--- START ---
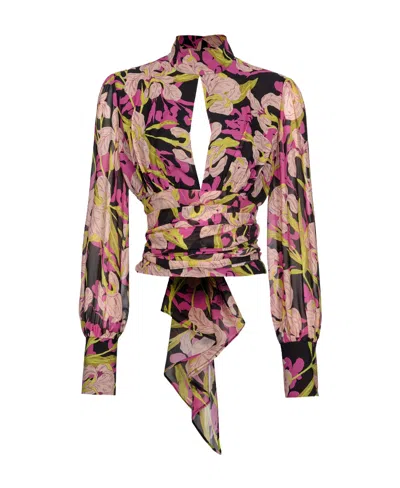 PINKO PINKO FLORAL-PRINTED CUT-OUT DETAILED BLOUSE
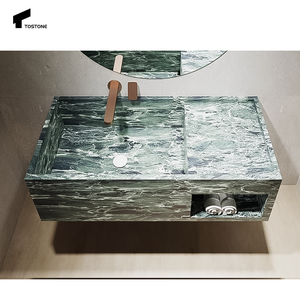 Tostone Aanpasbare Luxe Gepolijste Natuurlijke Verde Alpi Marmeren Platen Voor Badkamer Muur Opgehangen Wastafel Of Ijdelheid Top Wastafel - Product Image 3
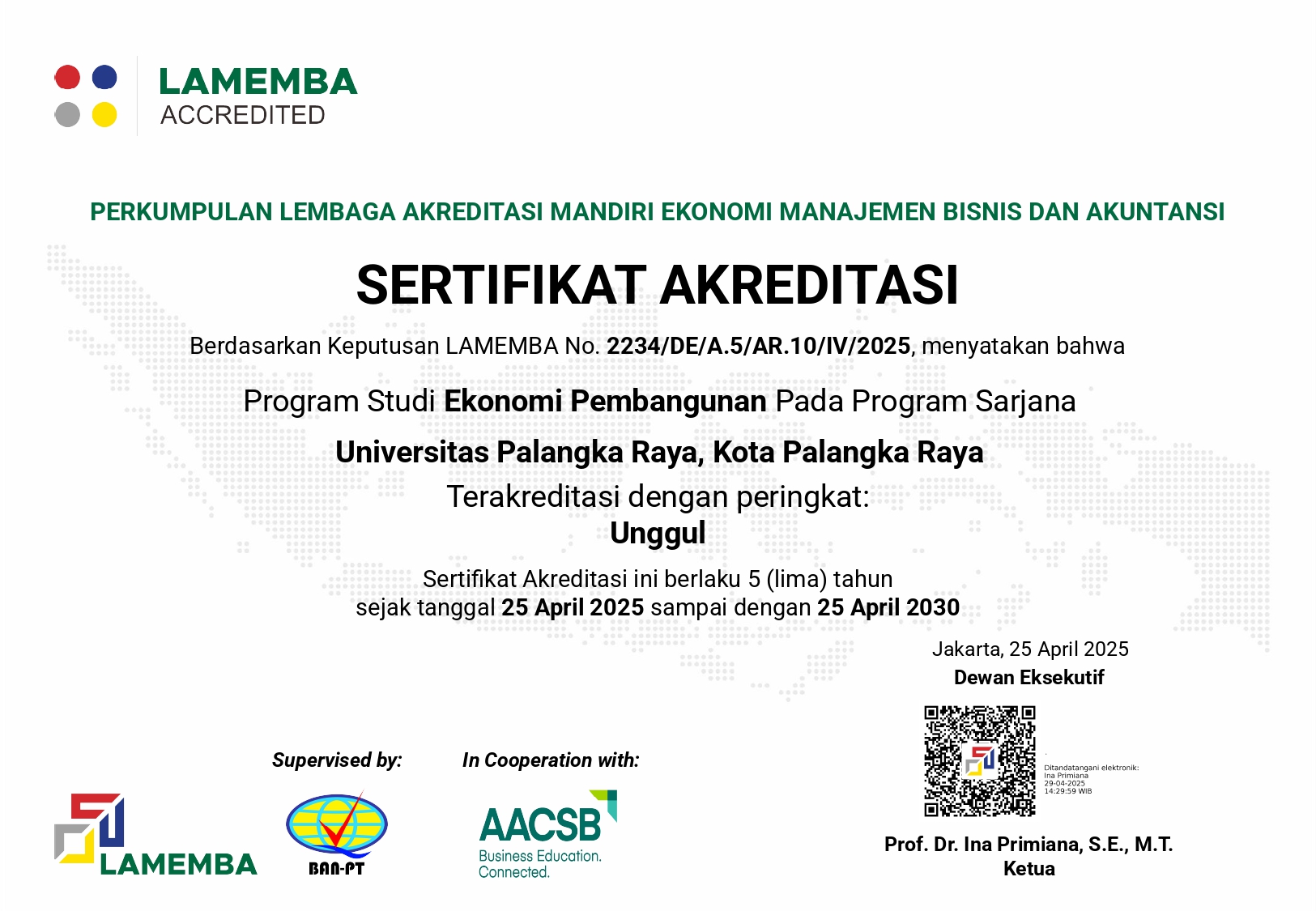 Sertifikat Akreditasi 2025-2030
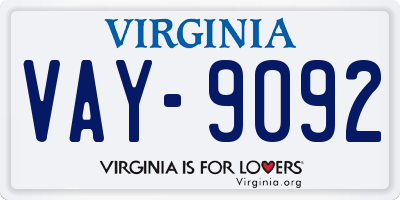 VA license plate VAY9092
--- END ---
__WHAT YOU NEED TO DO__. Each line from the one containing "Sertifikat Akreditasi 2025-2030" through the last line above should be retyped exactly, and no other line. Any picture is to be left out.

__EXERCISE ANSWER__.
 Sertifikat Akreditasi 2025-2030
 VA license plate VAY9092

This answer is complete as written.